Breakingviews

Splitting AT&T CEO and Chairman Roles is a No Brainer

Shareholders have an opportunity to hold Randall Stephenson responsible for his T-Mobile misstep by voting to separate the CEO and chairman roles at AT&T.

Photo by Spencer Platt/Getty Images

Randall Stephenson’s botched plan to buy T-Mobile USA came with a $4 billion tab. The board didn’t see fit to hold him fully accountable. But shareholders can have their own say - and should vote to strip Stephenson of his chairman title and install an independent.

The lumps suffered from the failed $39 billion deal may not be an especially big sum. After a tax benefit, it amounts to less than two months of free cash flow - and AT&T’s market value has actually gone up since the transaction was first announced amid a broader stock rally. Even so, AT&T shareholders would be better off with the funds used to pay the break fee in their company’s coffers than Deutsche Telekom’s.
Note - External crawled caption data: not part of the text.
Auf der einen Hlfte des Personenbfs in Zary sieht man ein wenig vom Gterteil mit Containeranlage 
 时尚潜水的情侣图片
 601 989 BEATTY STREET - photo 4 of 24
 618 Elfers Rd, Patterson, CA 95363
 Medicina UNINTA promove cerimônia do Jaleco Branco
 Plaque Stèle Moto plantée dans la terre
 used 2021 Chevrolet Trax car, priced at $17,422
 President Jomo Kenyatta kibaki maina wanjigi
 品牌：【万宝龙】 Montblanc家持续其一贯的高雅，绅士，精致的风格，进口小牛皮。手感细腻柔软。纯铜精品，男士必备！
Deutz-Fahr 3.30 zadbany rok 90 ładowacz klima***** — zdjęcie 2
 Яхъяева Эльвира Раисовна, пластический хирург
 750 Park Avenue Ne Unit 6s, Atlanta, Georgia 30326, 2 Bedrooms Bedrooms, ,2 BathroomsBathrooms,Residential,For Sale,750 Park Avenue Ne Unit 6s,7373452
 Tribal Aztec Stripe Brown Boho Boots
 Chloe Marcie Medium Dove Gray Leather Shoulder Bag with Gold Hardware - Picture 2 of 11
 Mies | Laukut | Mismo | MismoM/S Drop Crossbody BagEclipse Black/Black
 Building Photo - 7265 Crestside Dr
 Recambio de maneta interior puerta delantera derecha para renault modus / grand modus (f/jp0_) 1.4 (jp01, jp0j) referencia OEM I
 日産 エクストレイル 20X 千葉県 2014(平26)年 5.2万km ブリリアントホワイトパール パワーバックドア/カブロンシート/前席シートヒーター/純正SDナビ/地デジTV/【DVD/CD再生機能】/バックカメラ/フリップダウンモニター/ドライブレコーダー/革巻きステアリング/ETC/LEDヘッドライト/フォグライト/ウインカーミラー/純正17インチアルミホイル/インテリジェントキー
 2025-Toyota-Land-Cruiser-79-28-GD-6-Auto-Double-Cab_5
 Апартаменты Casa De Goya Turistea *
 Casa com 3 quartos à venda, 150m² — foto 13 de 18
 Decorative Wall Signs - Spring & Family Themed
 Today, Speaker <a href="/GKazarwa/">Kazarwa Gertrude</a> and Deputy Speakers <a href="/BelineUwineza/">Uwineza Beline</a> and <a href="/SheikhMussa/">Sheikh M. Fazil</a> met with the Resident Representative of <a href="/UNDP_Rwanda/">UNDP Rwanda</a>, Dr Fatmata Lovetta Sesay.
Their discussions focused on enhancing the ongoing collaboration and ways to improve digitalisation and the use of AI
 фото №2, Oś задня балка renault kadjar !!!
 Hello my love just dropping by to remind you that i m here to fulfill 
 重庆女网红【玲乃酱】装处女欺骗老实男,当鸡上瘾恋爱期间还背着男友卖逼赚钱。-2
Stephenson got a mere slap for the misadventure, which also bore additional cost in the form of at least six months’ worth of management distraction. His total compensation for 2011 fell by less than a fifth to $22 million from just over $27 million in the previous year, despite AT&T’s middling performance on various targets such as earnings per share or cash from operations.

Shareholders now have an opportunity to step in where the board opted not to. Another way to make Stephenson responsible - and establish an extra safeguard against another T-Mobile-like misstep - would be to separate the two seniormost roles at AT&T. It’s true the board already has several measures in place to protect investors. For example, Stephenson is the only manager on the board and most important committees are made up solely of independent directors.

But it is simply good governance to separate the two roles. And plenty of challenges lie ahead for AT&T. Accumulating spectrum and shoring up the company’s network to service accelerating data demand are chief among them. Leaving Stephenson to focus on these significant matters and bringing in an independent chairman to run the board would make AT&T all the better. Shareholders missed chances to split the chairman and CEO roles in 2006 and 2009. They shouldn’t let it pass them by again.